帝「あ、入っちゃダメなやつでしたか! すいません、でもお話があるので、ってうわっ!?」


あの人たち、こちらが言い終わる前に乱射し始めましたね。うむむ、正当防衛の正当防衛になりますけど、まあ大丈夫ですよね。うん。

私は、近場にあった壺に触れ、そちらに人と弾丸全てを引き寄せました。

…………正当防衛ですので、例え、反動で割れた壺の破片が刺さって死んでも私は知りませんよ。

私は、歩き始め、窓に触りながら部屋を目指します。最後の直進をして、大きな扉の前で三度、ノックをしました。

間を置いて、どうぞ、と聞こえてきました。では遠慮なく、と入ると、そこには一人の女性がいました。


帝「こんばんは! 淡間屋………葵様、でしたよね!」

葵「ええ。帝弥さん、だったかしら。ご要件は?」

帝「はい、シアン様についてですね!」

葵「シアンがどうかしたの? あの子、死んだんでしょ? 遺書が届いたわよ? とても、生みの親に送るような文じゃなかったけど」

帝「ああ、はい! だって、シアン様を殺めたのは私ですから!」


そこまで言うと、淡間屋様の様子が変わりました。ああ、意外と大事にされてたんじゃないですか、シアン様。多分、戦力として、とか跡継ぎとして、だと思いますけど。

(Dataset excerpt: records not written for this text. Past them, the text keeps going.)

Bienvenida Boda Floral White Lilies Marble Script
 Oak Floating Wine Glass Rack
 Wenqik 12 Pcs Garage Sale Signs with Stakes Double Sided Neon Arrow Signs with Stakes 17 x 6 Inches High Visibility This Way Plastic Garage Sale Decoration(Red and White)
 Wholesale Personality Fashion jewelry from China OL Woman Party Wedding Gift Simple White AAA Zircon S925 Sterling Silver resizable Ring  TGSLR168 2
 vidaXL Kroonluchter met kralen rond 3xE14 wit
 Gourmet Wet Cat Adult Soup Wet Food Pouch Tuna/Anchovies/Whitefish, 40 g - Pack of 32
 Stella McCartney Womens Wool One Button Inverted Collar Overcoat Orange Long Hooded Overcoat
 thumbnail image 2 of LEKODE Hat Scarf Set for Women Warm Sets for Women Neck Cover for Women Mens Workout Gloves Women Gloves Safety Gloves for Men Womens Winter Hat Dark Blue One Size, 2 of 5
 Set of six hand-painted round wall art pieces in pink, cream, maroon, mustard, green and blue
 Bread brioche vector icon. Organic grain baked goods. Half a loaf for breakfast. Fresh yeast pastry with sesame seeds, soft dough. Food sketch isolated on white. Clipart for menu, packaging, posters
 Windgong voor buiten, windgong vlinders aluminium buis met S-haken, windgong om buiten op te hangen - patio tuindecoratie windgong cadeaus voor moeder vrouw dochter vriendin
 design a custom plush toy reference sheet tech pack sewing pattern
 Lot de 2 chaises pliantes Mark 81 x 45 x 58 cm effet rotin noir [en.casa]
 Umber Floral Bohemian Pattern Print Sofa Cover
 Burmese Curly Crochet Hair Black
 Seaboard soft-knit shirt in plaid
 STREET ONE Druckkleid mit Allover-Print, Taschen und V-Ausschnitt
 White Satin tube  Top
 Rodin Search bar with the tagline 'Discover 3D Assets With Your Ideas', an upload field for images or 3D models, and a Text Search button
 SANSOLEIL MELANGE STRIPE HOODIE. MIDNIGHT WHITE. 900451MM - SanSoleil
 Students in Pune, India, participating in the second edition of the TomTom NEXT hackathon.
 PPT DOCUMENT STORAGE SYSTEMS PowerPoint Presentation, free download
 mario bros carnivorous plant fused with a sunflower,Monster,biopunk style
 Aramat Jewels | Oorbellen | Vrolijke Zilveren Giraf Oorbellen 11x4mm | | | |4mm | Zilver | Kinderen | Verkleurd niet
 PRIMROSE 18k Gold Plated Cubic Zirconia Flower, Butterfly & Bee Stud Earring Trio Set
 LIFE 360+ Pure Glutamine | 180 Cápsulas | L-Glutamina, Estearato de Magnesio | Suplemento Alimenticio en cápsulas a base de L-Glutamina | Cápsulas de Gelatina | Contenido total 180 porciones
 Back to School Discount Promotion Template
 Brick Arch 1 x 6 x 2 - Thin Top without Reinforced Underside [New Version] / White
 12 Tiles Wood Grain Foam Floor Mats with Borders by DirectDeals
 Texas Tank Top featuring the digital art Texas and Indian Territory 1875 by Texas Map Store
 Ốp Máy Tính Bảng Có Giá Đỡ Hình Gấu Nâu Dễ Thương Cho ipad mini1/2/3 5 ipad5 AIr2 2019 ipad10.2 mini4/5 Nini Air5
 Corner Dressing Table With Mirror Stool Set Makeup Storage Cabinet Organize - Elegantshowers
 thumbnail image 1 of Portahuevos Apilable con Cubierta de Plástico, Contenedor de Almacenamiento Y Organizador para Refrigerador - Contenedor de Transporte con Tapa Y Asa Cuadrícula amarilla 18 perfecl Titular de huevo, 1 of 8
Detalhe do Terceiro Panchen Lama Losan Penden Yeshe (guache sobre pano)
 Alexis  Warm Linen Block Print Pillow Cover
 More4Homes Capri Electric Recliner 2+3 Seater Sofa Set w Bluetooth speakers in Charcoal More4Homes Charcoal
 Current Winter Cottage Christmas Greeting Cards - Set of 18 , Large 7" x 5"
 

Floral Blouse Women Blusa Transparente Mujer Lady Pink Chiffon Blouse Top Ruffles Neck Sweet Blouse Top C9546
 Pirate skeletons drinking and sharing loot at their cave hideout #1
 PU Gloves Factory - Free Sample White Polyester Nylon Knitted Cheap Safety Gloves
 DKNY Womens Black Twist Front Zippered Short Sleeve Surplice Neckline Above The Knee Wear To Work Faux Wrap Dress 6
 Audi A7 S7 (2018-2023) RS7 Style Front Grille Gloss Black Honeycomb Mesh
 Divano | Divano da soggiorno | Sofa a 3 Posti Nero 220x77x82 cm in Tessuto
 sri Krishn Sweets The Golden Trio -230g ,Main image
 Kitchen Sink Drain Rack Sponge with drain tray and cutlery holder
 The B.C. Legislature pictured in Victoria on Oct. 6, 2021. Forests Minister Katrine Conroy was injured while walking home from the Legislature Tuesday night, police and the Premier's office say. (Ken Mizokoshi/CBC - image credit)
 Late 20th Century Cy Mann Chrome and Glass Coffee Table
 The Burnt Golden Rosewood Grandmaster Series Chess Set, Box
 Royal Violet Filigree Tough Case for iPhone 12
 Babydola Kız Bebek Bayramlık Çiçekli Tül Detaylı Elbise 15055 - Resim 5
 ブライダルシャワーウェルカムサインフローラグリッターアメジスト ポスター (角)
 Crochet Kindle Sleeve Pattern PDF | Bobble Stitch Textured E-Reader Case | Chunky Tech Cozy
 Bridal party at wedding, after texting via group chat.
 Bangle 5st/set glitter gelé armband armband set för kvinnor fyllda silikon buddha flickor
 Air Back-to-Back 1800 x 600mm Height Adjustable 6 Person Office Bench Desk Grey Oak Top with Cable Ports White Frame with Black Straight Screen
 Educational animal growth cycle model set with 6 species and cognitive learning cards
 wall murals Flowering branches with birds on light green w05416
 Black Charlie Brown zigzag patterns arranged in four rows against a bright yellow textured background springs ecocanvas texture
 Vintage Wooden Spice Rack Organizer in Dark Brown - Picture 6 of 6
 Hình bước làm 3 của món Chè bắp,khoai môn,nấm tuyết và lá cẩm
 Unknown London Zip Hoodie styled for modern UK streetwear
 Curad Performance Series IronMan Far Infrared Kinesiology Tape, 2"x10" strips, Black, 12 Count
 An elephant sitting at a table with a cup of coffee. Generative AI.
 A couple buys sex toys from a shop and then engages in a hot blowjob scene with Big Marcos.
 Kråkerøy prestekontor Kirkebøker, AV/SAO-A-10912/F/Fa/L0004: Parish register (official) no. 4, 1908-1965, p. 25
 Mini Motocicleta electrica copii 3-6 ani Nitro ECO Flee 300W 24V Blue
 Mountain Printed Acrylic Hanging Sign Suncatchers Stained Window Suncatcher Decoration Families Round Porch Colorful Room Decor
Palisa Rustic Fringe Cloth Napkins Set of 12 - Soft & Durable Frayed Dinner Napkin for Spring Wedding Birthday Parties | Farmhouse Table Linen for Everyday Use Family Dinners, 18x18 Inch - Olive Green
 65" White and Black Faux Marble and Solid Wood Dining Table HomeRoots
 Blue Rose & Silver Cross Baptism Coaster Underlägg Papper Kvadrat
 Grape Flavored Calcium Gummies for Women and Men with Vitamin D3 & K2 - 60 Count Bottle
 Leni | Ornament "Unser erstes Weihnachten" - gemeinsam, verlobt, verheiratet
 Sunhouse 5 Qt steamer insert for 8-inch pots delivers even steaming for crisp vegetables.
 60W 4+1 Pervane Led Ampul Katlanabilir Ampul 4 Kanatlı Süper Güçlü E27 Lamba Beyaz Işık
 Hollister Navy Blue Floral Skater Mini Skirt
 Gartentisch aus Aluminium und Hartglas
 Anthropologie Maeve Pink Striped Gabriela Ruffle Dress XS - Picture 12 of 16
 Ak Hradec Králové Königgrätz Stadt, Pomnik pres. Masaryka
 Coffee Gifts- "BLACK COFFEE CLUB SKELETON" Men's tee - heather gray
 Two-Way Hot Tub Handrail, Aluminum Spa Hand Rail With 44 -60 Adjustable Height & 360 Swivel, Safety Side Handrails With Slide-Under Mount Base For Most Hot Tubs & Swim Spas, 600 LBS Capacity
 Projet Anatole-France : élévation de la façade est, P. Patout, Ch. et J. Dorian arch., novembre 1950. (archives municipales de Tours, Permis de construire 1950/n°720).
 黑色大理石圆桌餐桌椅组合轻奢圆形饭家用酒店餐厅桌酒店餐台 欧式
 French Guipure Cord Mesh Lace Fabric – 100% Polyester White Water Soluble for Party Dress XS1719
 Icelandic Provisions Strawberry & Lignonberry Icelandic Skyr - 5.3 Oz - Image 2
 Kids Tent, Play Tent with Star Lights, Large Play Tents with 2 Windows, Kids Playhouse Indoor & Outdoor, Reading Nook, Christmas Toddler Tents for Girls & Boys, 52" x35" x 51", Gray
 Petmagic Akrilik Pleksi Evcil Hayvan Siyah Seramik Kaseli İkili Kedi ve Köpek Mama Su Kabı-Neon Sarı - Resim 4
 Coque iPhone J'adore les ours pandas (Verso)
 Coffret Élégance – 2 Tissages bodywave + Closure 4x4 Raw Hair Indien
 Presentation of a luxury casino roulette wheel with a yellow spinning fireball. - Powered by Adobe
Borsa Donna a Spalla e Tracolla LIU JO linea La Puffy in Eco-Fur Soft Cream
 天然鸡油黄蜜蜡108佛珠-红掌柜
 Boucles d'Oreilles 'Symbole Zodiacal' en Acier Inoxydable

葵「………………へえ、貴女が。一番出来の良かったあの子を。」

帝「あ、もしかして貴女様は元雇い主と同じ種類の思考の方でしたか! でも、人の命は尊べるような方だっただけ、元雇い主よりはマシですかね!」

葵「成宮播麻さんのこと? …………なら、あれと一緒とかやめて欲しいわ。いつも会合を引っ掻き回して帰っていくのだもの。二度と会いたくないわ」

帝「もう二度と会わなくていいですよ! 私もあまり会いたくないですので、その辺は有難いことこの上ないです!」


何を言ってるんだ、この子は、とでも言うような目で見られました。まあ、それもそうでしょうね。あんな殺しても殺しても死ななそうな人間を、もう二度と会わなくていいですよ、なんて言われたら、退きでもしたのだろうか、とか思うでしょうね。


帝「成宮播麻は死にましたので!」

葵「はあ? あの悪魔が?」

帝「ええ! ご自分の娘様の手で、撃たれて死んで、焼かれて跡形もなく! どうやら、最初から死ぬ気だったようですよ、元雇い主は!」

葵「………………正気じゃないわ」

帝「いや、正気じゃないのは、シアン様もでしたよ!」

葵「は?」


今度は恨みこもった目で見られました。当たり前ですね、はい。

さて、あまり時間かけると兄上に怒られるので、さっさとしましょうか。


帝「私、帝弥はですね! ただのシアン様から、自分が大人しく死ぬ代わりに、生まれた家で今も飼われている義弟たちを救ってやってくれ、あの家を滅ぼしてくれ、と言い残されたのです! ええ、素晴らしい方でした! 貴女様が育てられた子などと微塵も思えないくらいに!」

葵「っ!? ………突にゅ………!」

帝「いえ! もう全員、窓の破片で亡くなってますよ!! 先ほど自分の能力を発動させましたので、この家で生き残っていらっしゃるのは、貴女様とシアン様の義弟様のみとなります! では、貴方もいらっしゃいませ、奈落の底へ! 私もいずれ向かう羽目になります、少々…………三十~七十年ほどお待ち下さい、さようなら!!」


その直後、壁に何かが勢い良く当たりました。私は、それを確認して、最初から見えていた扉を破りました。中には、子供が数人いたのです。

彼らに、手を伸ばすと、怯えたように縮こまられました。しかし、それだけでめげていたら、元雇い主の近くでなんてやってけませんでした。私は、彼らの頭を撫でました。